A fast-emerging area is the analysis of online content which can be anything from news articles to social media posts. For instance, EMBERS is a forecasting system that is set out to predict societal events based on open-source data such as tweets, Facebook pages, blog posts, meteorological data, economic indicators and satellite imagery. Some events it focuses on are disease outbreaks, civil unrest and domestic political crisesFootnote 15. In case of protests in Brazil in 2013 and in Venezuela in 2014, the system was able to identify indicators of these in social media content and was able to create predictions matching ‘the timing of the events and their trajectory in terms of size and intensity’ (Doyle et al. 2014). This illustrates how these technologies may seem useful for police forces. However, a separate question remains as to how this intelligence would be used in policing practices in line with human rights and civil liberties. This further draws attention to the difference between the potential accuracy and use of predictive analytics and the problems of operationalising them to serve as bases for police action that respects the principles of policing and citizens’ rights that are embedded in liberal democracies.

3.2 Deception detection

Deception detection is a subset of techniques and methods in the field of behaviour analysis. Behaviour analysis interviews—which focus on both verbal and non-verbal cues—are very common in police practice. This technique is ‘believed to be one of the two most commonly taught questioning methods in the US’ (Frank Horvath 2006 in Vrij et al. 2007:501). As for the success-rates of humans in these areas, after analysing the results of 20 expert and non-expert comparisons, Bond Jr. et al. (2006: 229) concluded that while experts seem more sceptical than nonexperts when it comes to assuming a person is telling the truth, on average they only ‘achieve less than 55% lie-truth discrimination accuracy’. In their literature review Strömwall et al. (2004:246) concluded that practitioners or ‘lie experts’ seem to have a similar set of inaccurate beliefs about the non-verbal cues of deception as nonexperts. Police interrogation manuals and police culture serve as the main origins of said beliefs which then are preserved by processes such as ‘cognitive heuristics and biases’ (Strömwall et al. 2004:247). Vrij et al. (2007:510) theorise the possibility that these accuracy rates in experimental studies are partially due to the fact that participants—both non-expert and expert—simply lack ‘knowledge about cues of deception’. This may be true, but we also have to take into account the fact that people with different cultural background and personal characteristics may not share the aforementioned cues of deception or perceptions of deceptive behaviour.

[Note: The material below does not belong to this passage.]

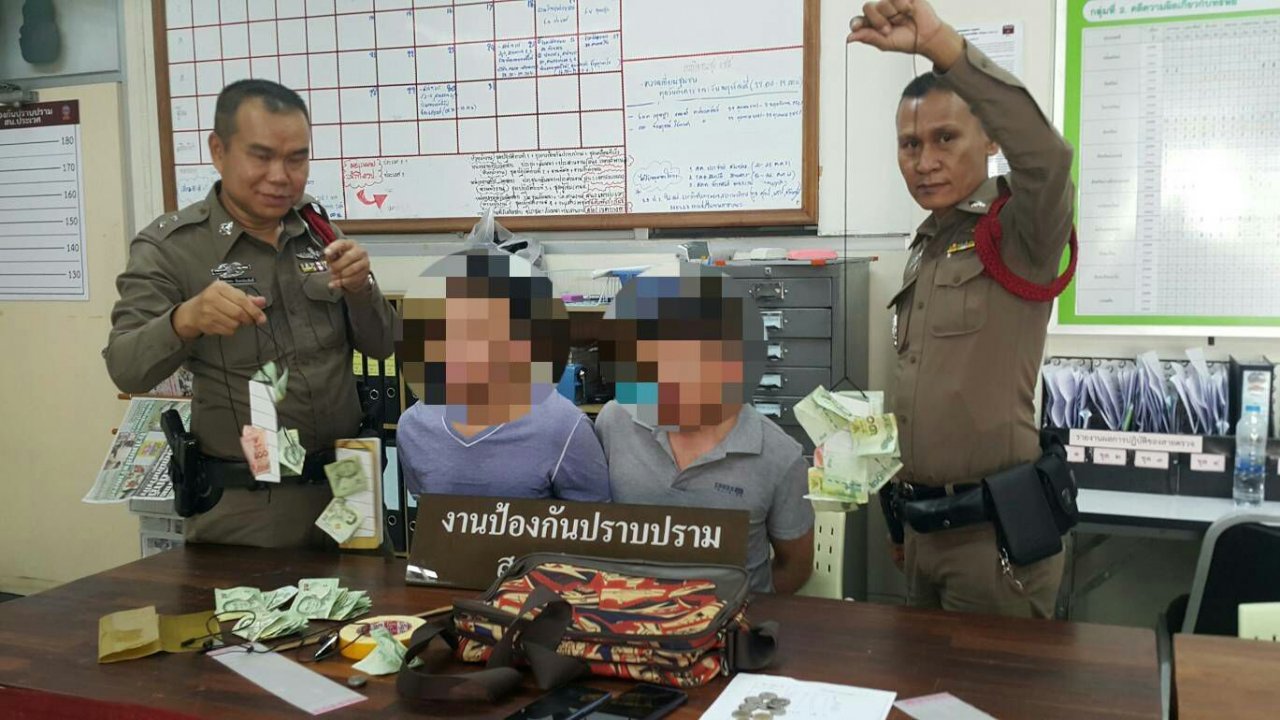Deux ressortissants chinois ont été arrêtés pour avoir volé de l'argent dans un temple de Bangkok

Polygraphs are used in three main areas: screening job-applicants, screening existing employees and in ‘event-specific’ investigationsFootnote 16. Some theorise that the use of deception-detection tools in the field of criminal justice is part of the so-called ‘CSI-effect’ where juries in the US have been observed to be keen on seeing more ‘hard evidence’ from both the prosecution and the defence during criminal trials (Chin and Workewych 2016). Chin’s paper notes that this leads to a lot of ‘unnecessary’ deployment of technologies like DNA analysis in situations where from a legal professional point of view there is enough evidence to establish guilt or the lack of it even without these tests (Chin and Workewych 2016). Theoretically, the results of a lie detection test may be used to determine whether a person involved in the investigation or in the criminal justice procedure is telling the truth or not. However, in 2003 a review suggested that the existing previous research conducted on polygraph technology could not provide reliable evidence to show that ‘polygraph tests could have extremely high accuracy’Footnote 17. Currently, standard polygraphs measure certain physiological traits such as cardiovascular activity, respiratory activity and electrodermal activity (Synnott et al. 2015). As opposed to that, emotional AI promises the possibility to assess truth-telling based on facial expressions (Shen et al. 2021) and vocal tones (Marcolla et al. 2020) instead of, or next to, the traditionally observed functions. Whether that task is possible, we do not have enough information to determine at this point as there is only limited evidence for the existence of a correlation between certain micro-facial expressions and deception (Matsumoto et al. 2018). Therefore, it seems certain that we need more research on whether there are certain signs of deception in facial expressions or vocal tones, whether these are universal or dependent on culture (Rubin 2014; Taylor et al. 2017), and whether they can be observed with enough certainty to give a definitive assessment of truth-telling or deception.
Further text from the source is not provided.